Transcribe nothing except the lines below that run from the one with "Équipe réanimation neurochirurgicale" to the one with "전체-임플란트-ALL-ON-4", ends included, and do not copy any picture.

**Entries supplied:**
——

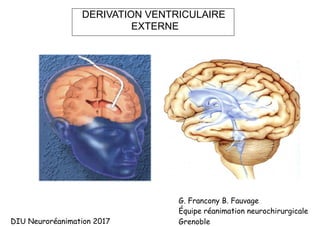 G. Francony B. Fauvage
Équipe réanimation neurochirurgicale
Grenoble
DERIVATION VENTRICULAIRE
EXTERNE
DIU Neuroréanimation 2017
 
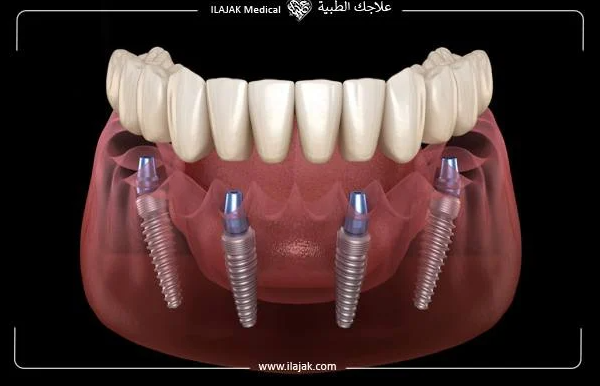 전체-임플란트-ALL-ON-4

——

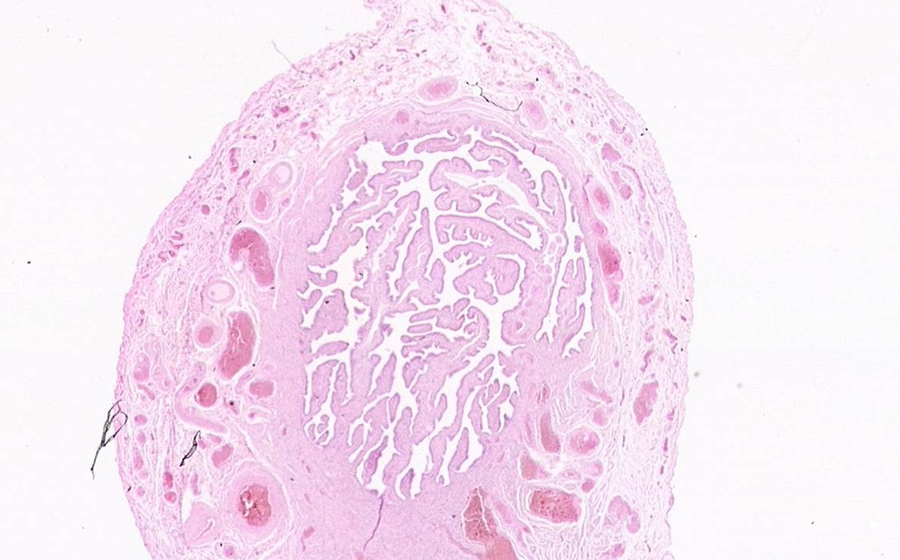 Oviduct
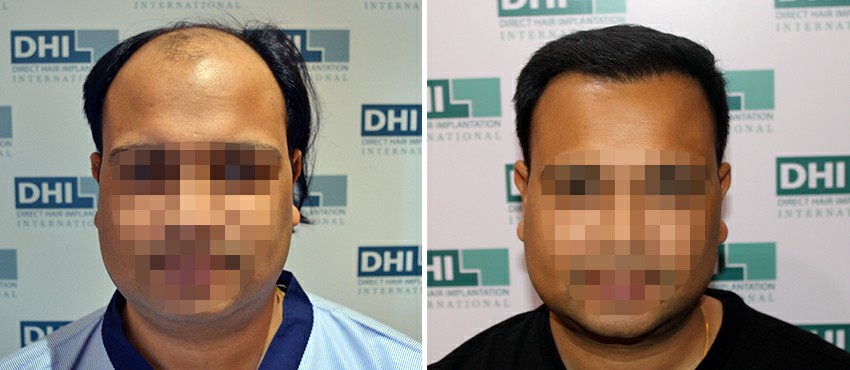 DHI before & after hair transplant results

——

**Solved exercise:**
Équipe réanimation neurochirurgicale
Grenoble
DERIVATION VENTRICULAIRE
EXTERNE
DIU Neuroréanimation 2017
 
 전체-임플란트-ALL-ON-4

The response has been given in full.